Start of DATA RECORDS

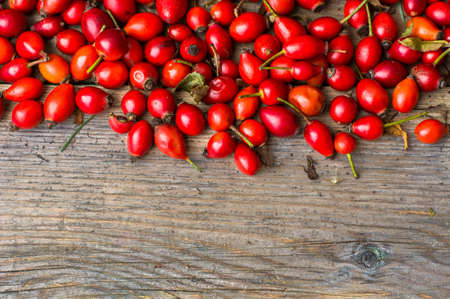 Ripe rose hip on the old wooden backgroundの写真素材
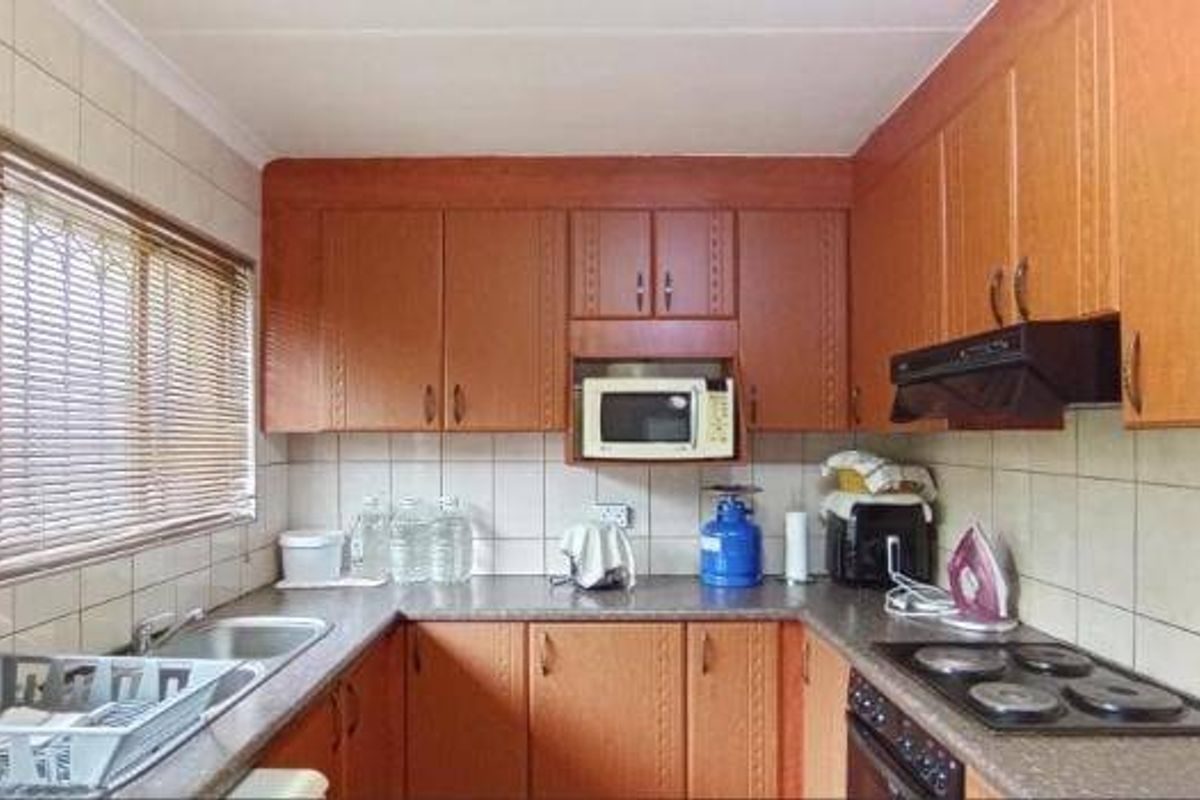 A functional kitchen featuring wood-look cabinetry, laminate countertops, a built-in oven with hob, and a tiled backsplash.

End of DATA RECORDS
Start of DATA RECORDS

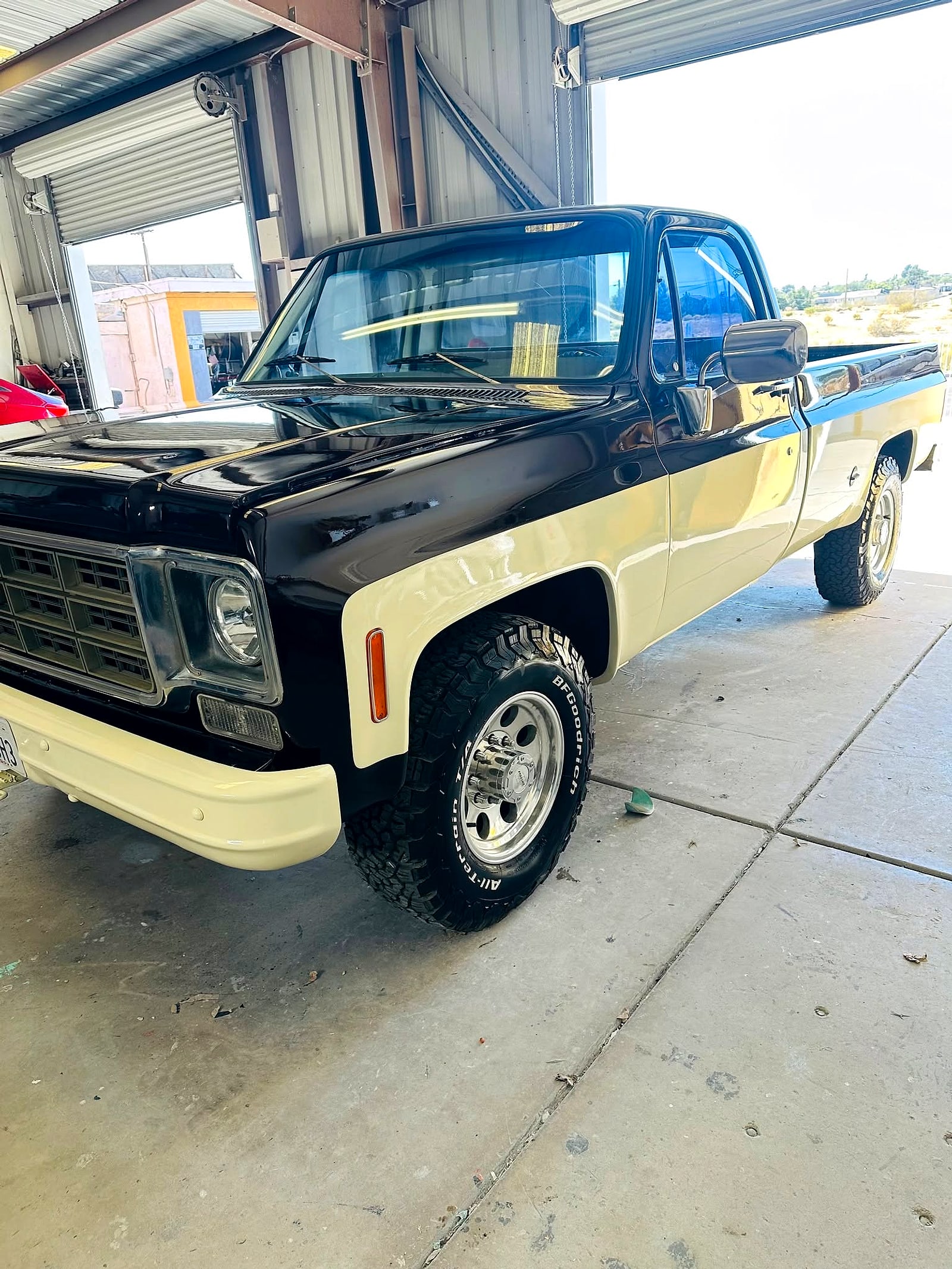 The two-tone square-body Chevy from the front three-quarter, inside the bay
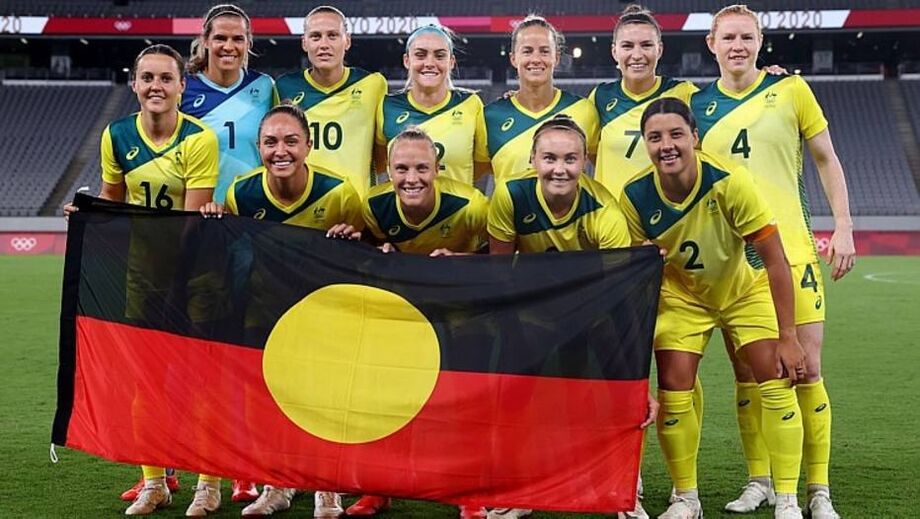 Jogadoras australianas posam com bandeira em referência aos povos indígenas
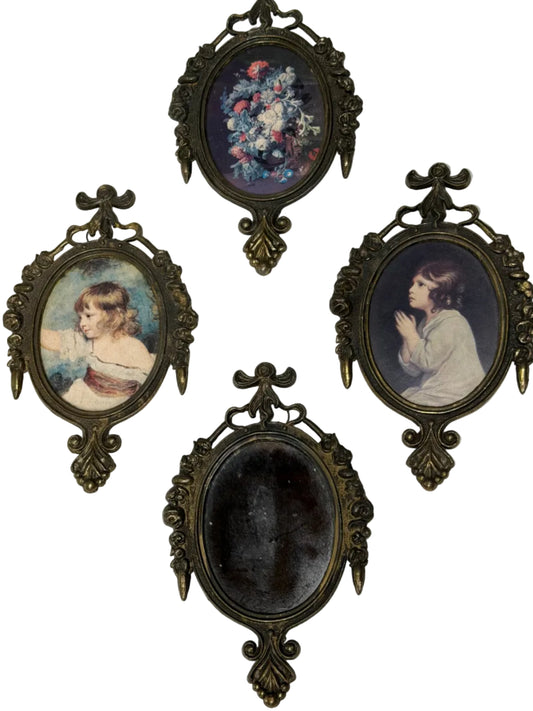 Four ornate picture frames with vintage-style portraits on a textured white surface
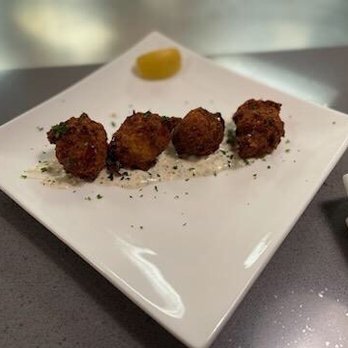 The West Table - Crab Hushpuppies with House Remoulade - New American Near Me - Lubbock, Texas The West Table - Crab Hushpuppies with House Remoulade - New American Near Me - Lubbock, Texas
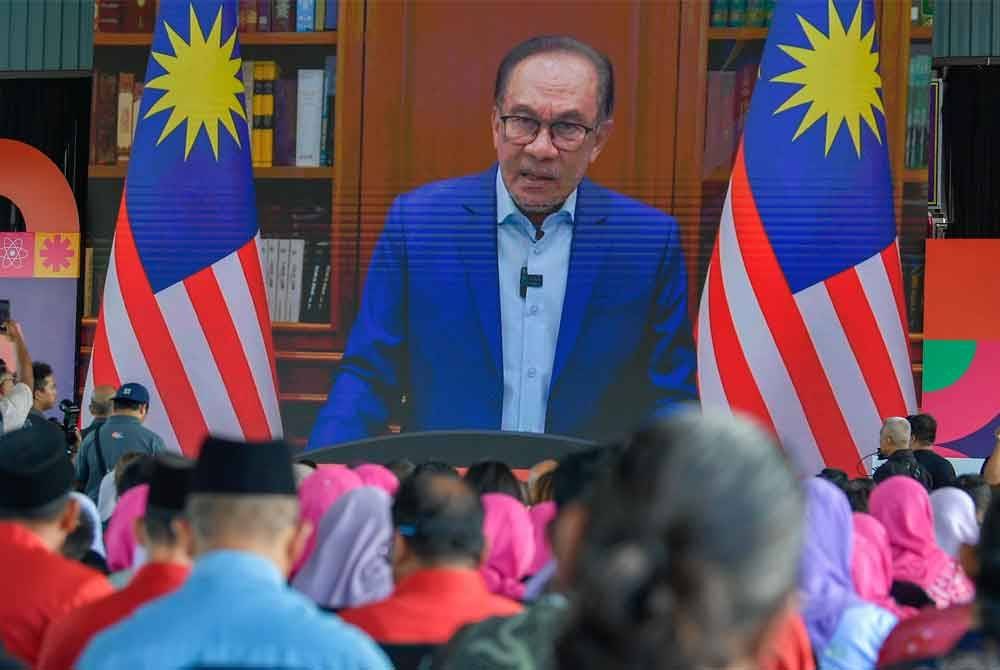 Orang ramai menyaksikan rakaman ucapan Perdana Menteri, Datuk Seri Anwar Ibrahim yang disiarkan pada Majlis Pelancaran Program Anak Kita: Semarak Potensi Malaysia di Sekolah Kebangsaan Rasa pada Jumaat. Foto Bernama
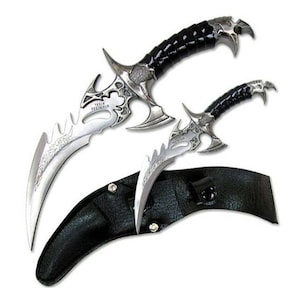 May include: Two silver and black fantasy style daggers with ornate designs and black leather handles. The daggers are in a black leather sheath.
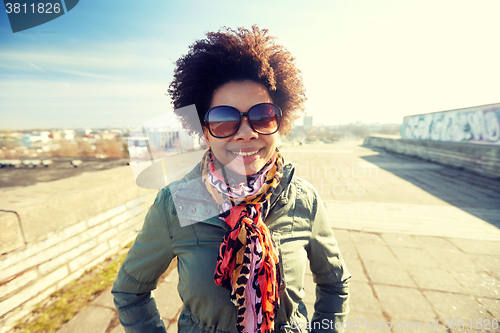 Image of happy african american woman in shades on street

End of DATA RECORDS
Start of DATA RECORDS

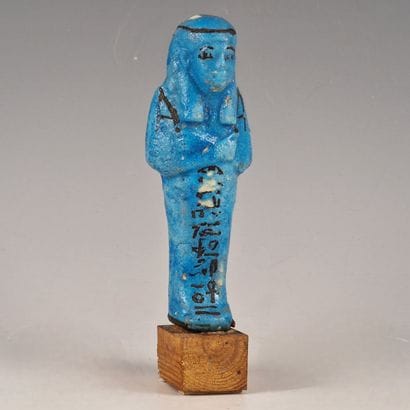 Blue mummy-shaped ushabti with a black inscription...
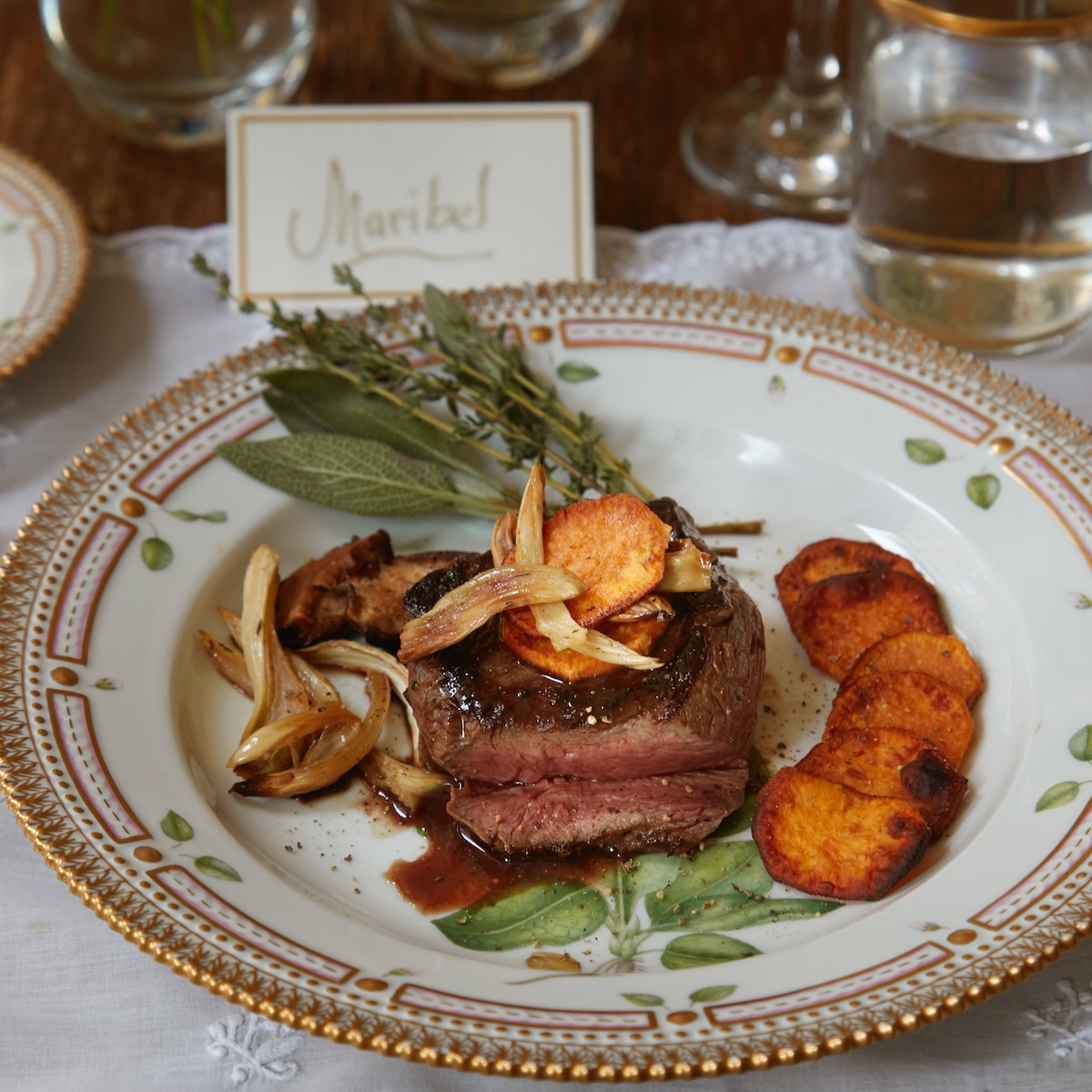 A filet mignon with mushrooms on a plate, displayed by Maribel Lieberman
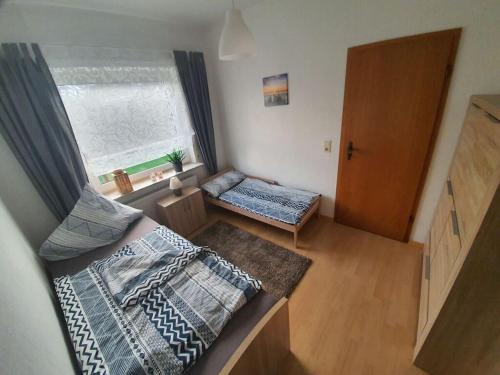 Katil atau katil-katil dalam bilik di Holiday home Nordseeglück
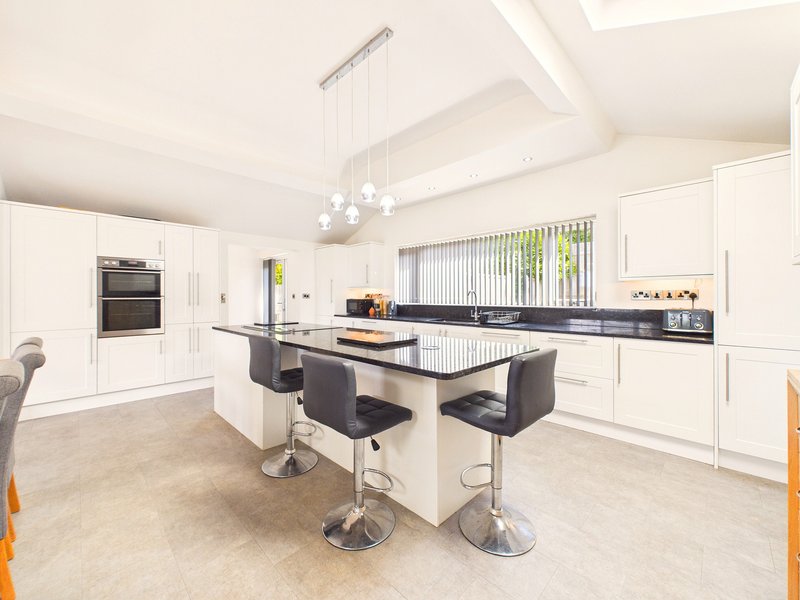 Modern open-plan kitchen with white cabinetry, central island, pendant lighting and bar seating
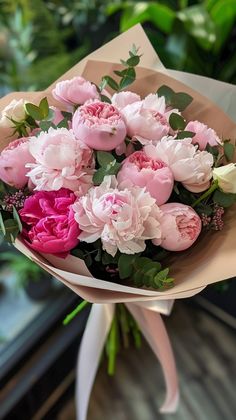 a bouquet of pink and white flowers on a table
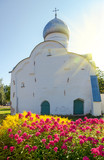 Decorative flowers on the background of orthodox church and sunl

End of DATA RECORDS

TASK GOAL:
Would you copy the lines above exactly, starting with the one that has "Orang ramai menyaksikan" and ending with the one that has "Image of happy", both included, without the pictures?

EXERCISE RESPONSE:
 Orang ramai menyaksikan rakaman ucapan Perdana Menteri, Datuk Seri Anwar Ibrahim yang disiarkan pada Majlis Pelancaran Program Anak Kita: Semarak Potensi Malaysia di Sekolah Kebangsaan Rasa pada Jumaat. Foto Bernama
 May include: Two silver and black fantasy style daggers with ornate designs and black leather handles. The daggers are in a black leather sheath.
 Image of happy african american woman in shades on street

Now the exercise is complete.